Additionally, Japan’s big banks have diverted billions of Yen to the re-financing of TEPCO, a decision sanctified by the Japanese government. The latter has also provided billions for rebuilding capitalist institutions most affected by the earthquake, rather than allotting them for building sufficient temporary housing and hospital facilities and sending adequate food, water and medicine to affected areas and shelters. This exactly mirrors the aftermath of hurricane Katrina, the Haiti earthquake, the Pakistan floods and basically anywhere profit is put far ahead of workers’ needs.
‘A man-made tragedy’
The Japanese Railway Workers’ union, Doro-Chiba, which has been the most critical of capitalism’s role in the current crisis, sharply condemned Yonekura’s statement and the insufficiency of the government’s response: “The reality before us is by no means a natural disaster but [is a] man-made tragedy, caused by a neo-liberal offensive on the basis of a capitalist market economy. Its real essence is nakedly exposed day by day.”
The Doro-Chiba also led a March 20 protest in Tokyo “to denounce the deceitful policy of the government and to demand disclosure of the facts on the whole development concerning the disaster.” This was to be followed by a national day of mobilization against war on March 27.
This anti-capitalist stance of Doro-Chiba needs to reverberate across Japan and the world.
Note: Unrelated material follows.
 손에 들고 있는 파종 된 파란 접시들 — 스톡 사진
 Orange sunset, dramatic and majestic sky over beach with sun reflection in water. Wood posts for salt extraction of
The international working class must fight the sickness of the profit system revamping itself in the wake of the disasters in Japan, Haiti, Southeast Asia, New Orleans — the list goes on. We need to organize workers everywhere to destroy capitalism and run the world for the benefit of all, not the select few!J
U.S. Rulers’ War Machine Outdoes Any Quake
On March 9, 1945, “100,000 to 200,00 men, women and children died…when the U.S. Air Force doused Tokyo with jellied gasoline; all told, in the months before Hiroshima, [conventional] bombs killed up to 500,000…Japanese…and left 13 million homeless.” (U.S. News & World Report, 7/13/95)
By June 1945, U.S. Air Force General Curtis LeMay complained there was nothing left to bomb in Japanese cities except “garbage can targets.”
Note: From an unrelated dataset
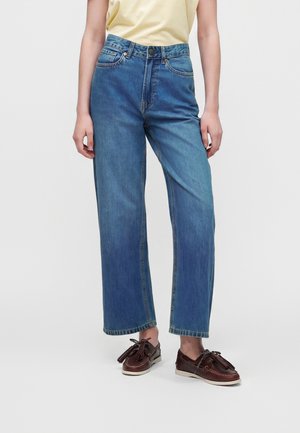 Personne portant un jean bleu taille haute à jambes larges, un haut jaune clair et des mocassins en cuir marron foncé avec des pampilles sur un fond uni.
Afterwards, the U.S. Strategic Bombing Survey noted, “Certainly…Japan would have surrendered even if the atomic bomb had not been dropped.” (“Japan’s Struggle to End the War”)
The L.A. Times agreed: “The hard truth is that the atomic bombings were unnecessary.” (8/5/05) President Harry Truman’s diary referred to a decoded Japanese cable indicating Japan was about to surrender unconditionally, as the “Japanese Emperor [was] asking for peace.”
Generals Eisenhower and MacArthur also agreed, the former later writing that “Japan was already defeated and that dropping the bomb was completely unnecessary” (“Mandate for Change”) and MacArthur also believed that A-bombing Japan was “completely unnecessary from a military point of view.” (James Clayton, “The Years of MacArthur, 1941-1945, Vol. II”)
Yet, as most historians agree, Truman went ahead and dropped the A-bomb on Hiroshima killing upwards of 150,000 civilians — three days before the Soviet Union had pledged to enter the war against Japan — as a “warning” to the Soviets that the U.S. had this hugely destructive weapon. And, to emphasize the “warning,” dropped still another one on Nagasaki three days later, killing perhaps another 100,000, as the Soviets entered Manchuria.
Secy. of State James Byrnes told A-Bomb Project scientist Leo Szilard, “Our…demonstrating the bomb would make Russia more manageable in Europe.” (Leo Szilard; “A Personal History of the Atomic Bomb”) So the U.S. “warning” to the Soviets killed a quarter million Japanese civilians.
Any doubt that U.S. rulers are the world’s most vicious terrorists?